1.  **Removing Redundancy**: Drop the `Unnamed: 0` column, which serves as a duplicate index, to streamline the dataframe.
2.  **Temporal Feature Engineering**: Convert `release_date` to a standard datetime format and extract the `release_year`. This allows us to perform time-series analysis on movie trends.
3.  **Genre Data Parsing**: The `genre_ids` are currently stored as strings (e.g., `"[12, 14]"`). We use `ast.literal_eval` to convert these into actual Python lists, enabling us to later map these IDs to their specific genre names (like Action or Comedy).

In [None]:
# ==========================================
# DATA CLEANING: TMDB Movies
# ==========================================
# 1. Drop redundant index column
if 'Unnamed: 0' in tmdb_movies.columns:
    tmdb_movies.drop(columns=['Unnamed: 0'], inplace=True)

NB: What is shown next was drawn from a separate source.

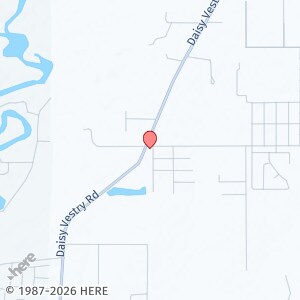 Photo - 15841 McClellan Rd Unit 1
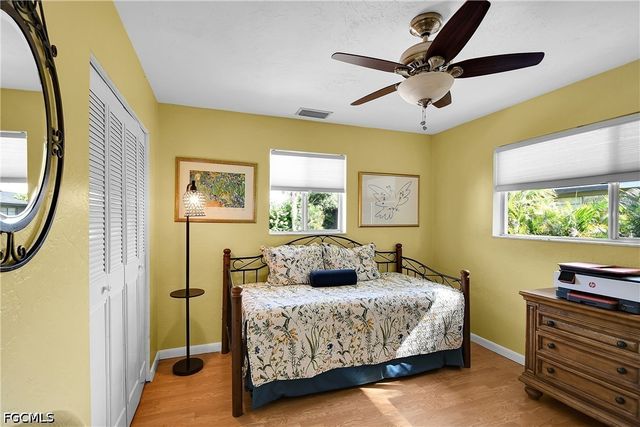 431 Van Buren ST E5, Fort Myers, FL 33916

# 2. Feature Engineering: Convert release_date to Datetime and extract Year
tmdb_movies['release_date'] = pd.to_datetime(tmdb_movies['release_date'])
tmdb_movies['release_year'] = tmdb_movies['release_date'].dt.year

# 3. Clean Genre IDs 
# They are strings like "[12, 14]". We turn them into actual Python lists.
tmdb_movies['genre_ids'] = tmdb_movies['genre_ids'].apply(lambda x: ast.literal_eval(x) if isinstance(x, str) else x)


### **Data Export**
After performing feature engineering and cleaning, we save the processed TMDB dataset to a CSV file. This ensures that the cleaned data is ready for the exploratory data analysis (EDA) phase without needing to rerun the cleaning script.

In [None]:
tmdb_movies_cleaned = tmdb_movies.copy()
tmdb.to_csv(
    r"C:\Users\Hp\Flatiron\Phase_2\Phase-2-Movie-Analysis-Project\data\cleanedData\tmdb_cleaned_data.csv",
    index=False
)
print("Saved successfully")